La Chambre sociale dans un arrêt du 11 décembre 2019[1] (n°19-17.298) est venue préciser les contours du critère de l’autonomie de gestion pour les établissements distincts dans le cadre de la mise en place du CSE.
Ainsi, en l’absence d’accord collectif, la reconnaissance de la qualité d’établissement distinct pour la mise en place du CSE dépend de ce qu’on appelle l’autonomie de gestion dont dispose le responsable de l’établissement. Est entendu par « autonomie de gestion », le fait pour le responsable de détenir le pouvoir de direction en matière de gestion du personnel et sur l’activité de l’établissement notamment.
Dans l’arrêt du 11 décembre, la Cour pose le principe selon lequel « la centralisation de fonctions support et l’existence de procédure de gestion définies au niveau du siège ne sont pas de nature à exclure l’autonomie de gestion des responsables d’établissement. ». La Cour rejoint donc la position du Conseil d’Etat, position prise dans une décision du 3 octobre 1994 (n°111401).
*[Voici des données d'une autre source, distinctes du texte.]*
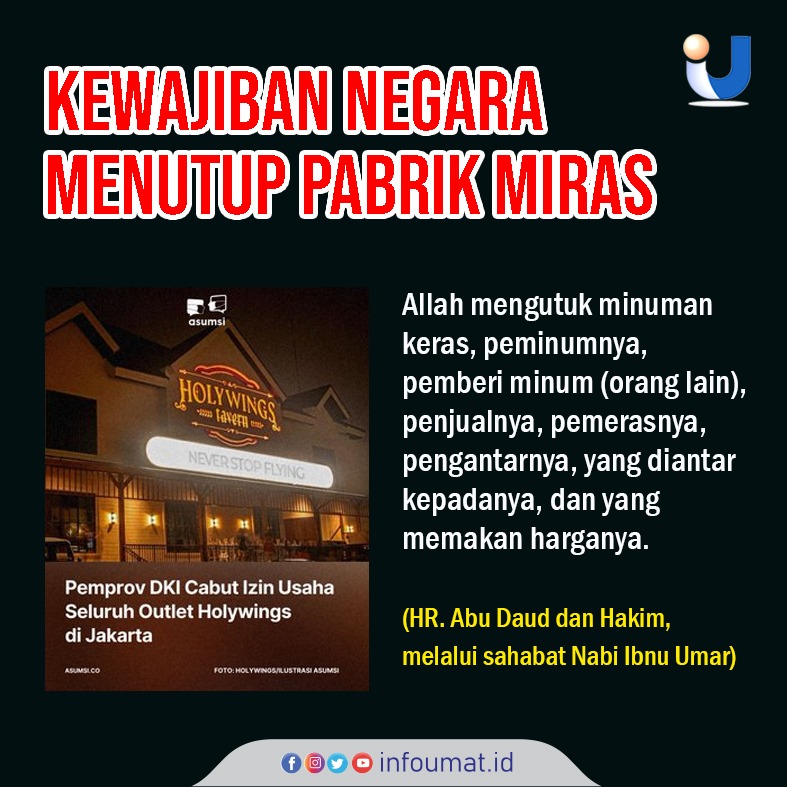 Aokl4nd's tweet photo. Kewajiban negara menutup pabrik miras #HolywingsLecehkanIslam #RezimSusahinRakyat https://t.co/xdsJfSvf0e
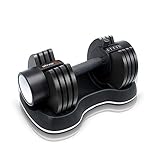 ATIVAFIT Mancuerna Ajustable para Gimnasio Home (Individual)-Ajuste Rápido de Peso con Mancuernas Perfecto para Musculacion, Levantamiento de Pesas, Entrenamiento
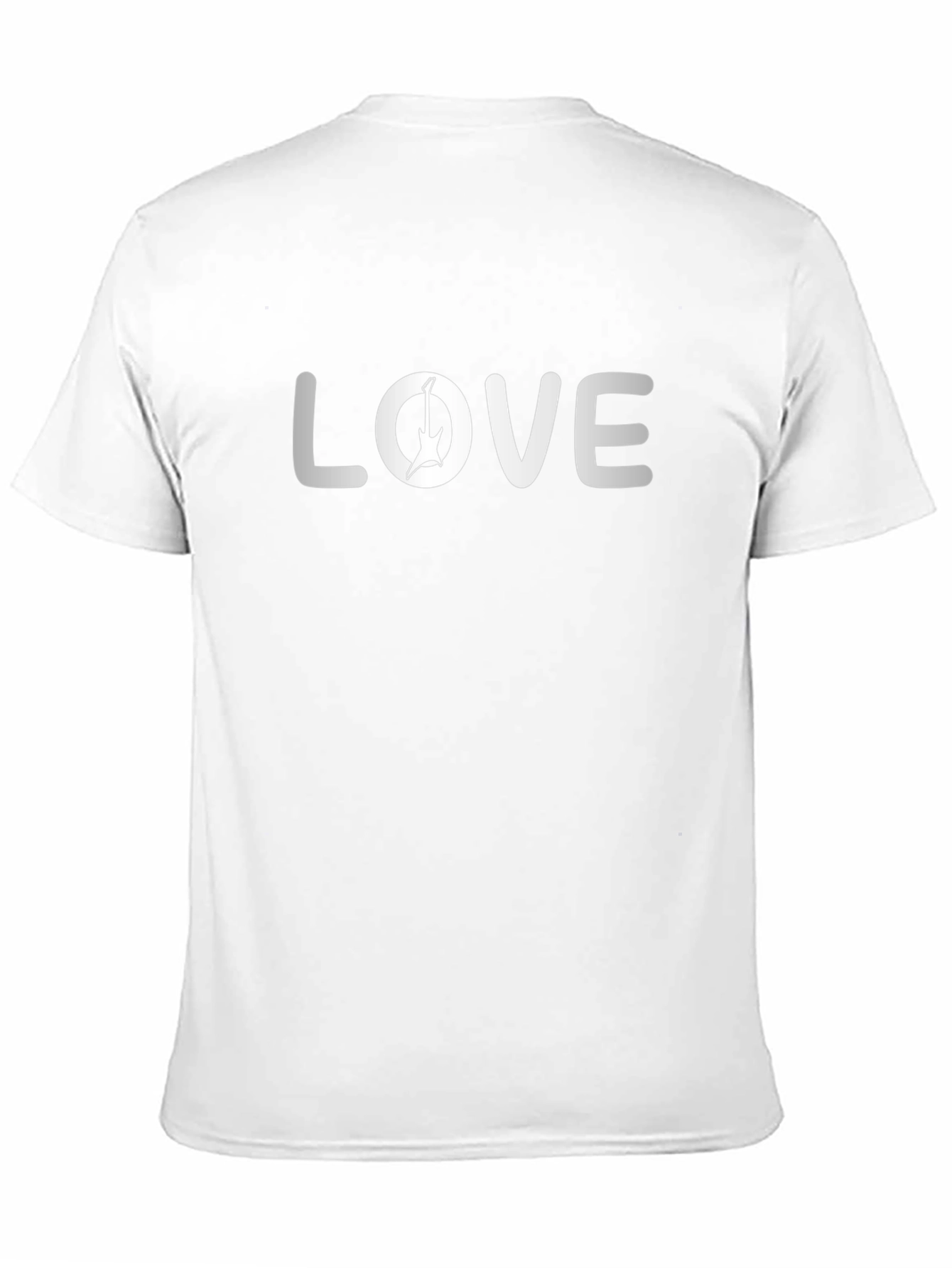 Love Guitar Graphic T-Shirt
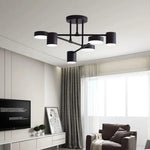 Luxury Nordic Multi-Head Led Chandelier LuminousLivingStyle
En plus de poser ce principe, la Cour dégage deux éléments permettant de caractériser ladite autonomie de gestion nécessaire à la reconnaissance de l’établissement distinct. Il faut qu’une part, une délégation de pouvoirs dans de nombreux domaines et d’autre part, la conclusion d’accords collectifs au niveau de l’établissement.
En effet, elle énonce dans cet arrêt qu’« ayant constaté l’existence de délégations de pouvoirs dans des domaines de compétences variés et d’accords d’établissement, il appartenait en conséquence de rechercher au regard de l’organisation de l’entreprise en filières et en sites le niveau caractérisant un établissement distinct au regard de l’autonomie de gestion des responsables. ».
Dans un second arrêt cette fois rendu le 19 décembre 2019 (n°18-23.655)[2], la Cour s’est prononcée pour la première fois dans le cadre du CSE sur la détermination des établissements distincts et confirme sa position du 11 décembre.
Dans les faits, il s’agissait de la SNCF et de la Direction a sur le fondement de l’article L. 2313-4 du Code du travail fixé unilatéralement le nombre et le périmètre des établissements distincts. Cette décision a été contestée devant la DIRECCTE mais cette dernière a procédé à un découpage correspondant à celui établi par l’employeur. Les organisations syndicales ont donc contesté ce découpage devant le tribunal d’instance. Le tribunal a à son tour fixé un nombre et périmètre identique à celui retenu par la DIRECCTE.
Ainsi, deux questions étaient posées dans le pourvoi : la compétence du tribunal d’instance et la caractérisation de la notion d’autonomie de gestion. Nous nous concentrerons ici seulement sur cette deuxième question.
Pour comprendre le contexte, il existait avec les anciennes IRP, 31 comités d’établissement, 600 CHSCT et 1 800 délégations du personnel. Pour le CSE, le découpage prévoit 33 comités sociaux et économiques. Les organisations syndicales souhaitaient par leur pourvoir faire rajouter un critère de proximité dans la caractérisation de l’établissement distinct.
Cependant, la Cour continue dans sa logique en reprenant la solution dégagée par le Conseil d’Etat. Ce dernier s’attache uniquement à vérifier les pouvoirs consentis au responsable de l’établissement caractérisés en matière de gestion du personnel et d’exécution du service.
Dès lors, la Cour considère que « le tribunal d’instance a bien recherché les éléments lui permettant de vérifier le critère d’autonomie de gestion ainsi défini, et que les syndicats contestataires n’apportaient aucun élément permettant de considérer qu’il existait, au sein de l’entreprise, d’autres établissements que ceux retenus par la décision de la DIRECCTE répondant à ce critère. ».
On considère donc que comme pour les comités d’entreprise, l’établissement distinct dans la cadre du CSE est caractérisée par l’autonomie de gestion dont dispose le responsable de l’établissement à raison de pouvoirs en matière de gestion du personnel et de la gestion de l’établissement.